В первую свою антологию «Строфы века» я включил два крепких, отчеканенных твердой профессиональной рукой стихотворения Михаила Синельникова и тогда уже написал о нем самом: «Первоклассный мастер…» Правда, с оговоркой: «…подчас подминаемый собственным мастерством».
Далеко не все поэты его поколения, которых я назвал «детьми железного занавеса», удержались в профессии, но не из-за избытка профессионализма, а из-за его недостатка. Синельникову помогло то, что мастерство не было для него самоценным. И в тех двух стихотворениях чувствовалась не только неслучайность надежно пригнанных друг к другу слов, но и завещанный Пушкиным историзм поэзии, который завязывает в единый метафорический узел разные эпохи, события, имена.
Оказавшись в Коктебеле, по которому до сих пор бродит тень Максимилиана Волошина в белом греческом хитоне и сандалиях, Синельников выхватывает взглядом неожиданных потомков старого поэта, вывалившихся напоследок из чрева социализма, распоротого, как при кесаревом сечении. Тут и панк, и хиппи, и любер, и металлист, и токсикоман, и разносчик СПИДа. И так же, как Волошин не мог предугадать ничего подобного, такие тайновидцы, как Леонардо и Микеланджело, не ведали о том, что воплотят Ежов и Гиммлер в печах Дахау и льдах Востока. Синельников не побоялся взять на себя смелость осудить не только Кнута Гамсуна, подпавшего некогда под гипноз арийских идей, но и столь любимого им Александра Блока, неосторожно пригрозившего человечеству, что Россия может обернуться к нему «своею азиатской рожей». С предсказаниями нужно быть сдержанней, ибо в них есть гипноз, самовнушение.

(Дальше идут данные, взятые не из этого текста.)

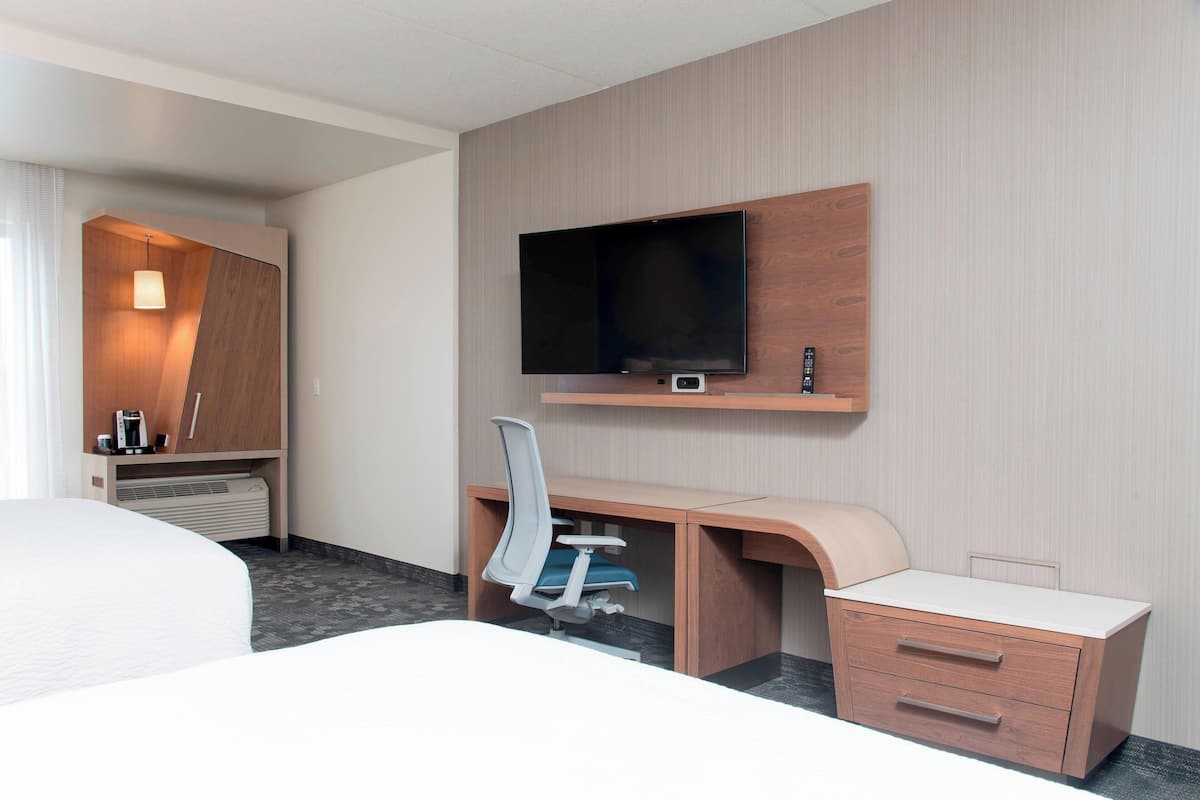 Een hotelkamer met een bed, een bureau met stoel, een televisie en een klein kastje.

А музей революции в другом стихотворении Синельникова наполнился грохотом бронепоезда и голосами Ленина и Троцкого, рядом оказались отрубленная голова Дантона и фригийский колпак Демулена, кольцо Крупской и ледоруб Меркадера, которым был убит Троцкий. У Синельникова генетически развито чувство истории как трагедии.
И жаркое медное Крупской кольцо
Во времени вспыхнет безлюбом,
И то ледовитое, злое лицо,
Расколотое ледорубом.
У родни Михаила Синельникова была многосложная судьба. Его дед, крестьянин Тимофей Федин, уехавший на заработки в Петербург, участвовал в мирном шествии к Зимнему дворцу
9 января 1905 года, где был тяжело ранен. Мать Миши, Евдокия Тимофеевна Федина, родилась в Рязанской губернии, под Касимовом, в деревне Поповка, в то самое Кровавое воскресенье. А когда подросла, целый год ходила в ближнюю, но далеко не близкую гимназию босиком, с туфлями в ранце. Ее тетка тоже уехала в Петербург, после революции устроилась на работу в библиотеку знаменитого Дома искусств, описанного Ольгой Форш в романе «Сумасшедший корабль», и пригласила в гости подросшую племянницу. Сельская девочка, с любопытством бродившая между библиотечными шкафами, была замечена пассажирами одинокого корабля всё редеющей интеллигенции. И они поместили ее в педтехникум, где она и познакомилась в 1924 году со своим будущим мужем Исааком Михайловичем Синельниковым, родившимся тоже в год Кровавого воскресенья! Их сближению не помешало, что он был из так называемой буржуазной, да еще и еврейской семьи, а она из крестьян.
Раннюю юность Исаак провел в Екатеринославе, помнившем, как по улицам разъезжали тачанки батьки Махно, а с них летели в толпу штуки сукна и анархистские листовки. Друзьями юноши были комсомольские поэты Михаил Светлов и Михаил Голодный, «по зову сердца» пошедшие добровольцами в ЧК, но, правда, быстро опомнившиеся. Однако, переехав в Петроград, Исаак отошел от комсомолии, познакомился с Николаем Заболоцким и Даниилом Хармсом и считался кандидатом в ОБЭРИУ. Об этом времени он написал воспоминания «Молодой Заболоцкий».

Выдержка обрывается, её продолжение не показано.